89 " He was almost at his door when Vik’s earsplitting shriek resounded down the corridor. Tom was glad for the excuse to sprint back toward him. “Vik?”
He reached Vik’s doorway as Vik was backing out of it. “Tom,” he breathed, “it’s an abomination.”
Confused, Tom stepped past him into the bunk. Then he gawked, too.
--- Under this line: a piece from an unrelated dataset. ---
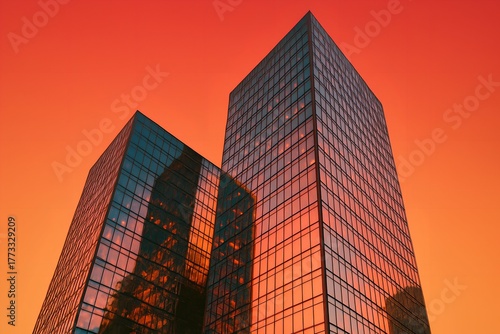 Wallpaper Mural Modern Glass Skyscraper Towers Reflecting Warm Sunset Hues Creating a Striking Urban Architectural Panorama Torontodigital.ca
Instead of a standard trainee bunk of two small beds with drawers underneath them and totally bare walls, Vik’s bunk was virtually covered with images of their friend Wyatt Enslow. There were posters all over the wall with Wyatt’s solemn, oval face on them. She wore her customary scowl, her dark eyes tracking their every move through the bunk. There was a giant marble statue of a sad-looking Vik with a boot on top of its head. The Vik statue clutched two very, very tiny hands together in a gesture of supplication, its eyes trained upward on the unseen stomper, an inscription at its base, WHY, OH WHY, DID I CROSS WYATT ENSLOW?
Tom began to laugh.
“She didn’t do it to the bunk,” Vik insisted. “She must’ve done something to our processors.”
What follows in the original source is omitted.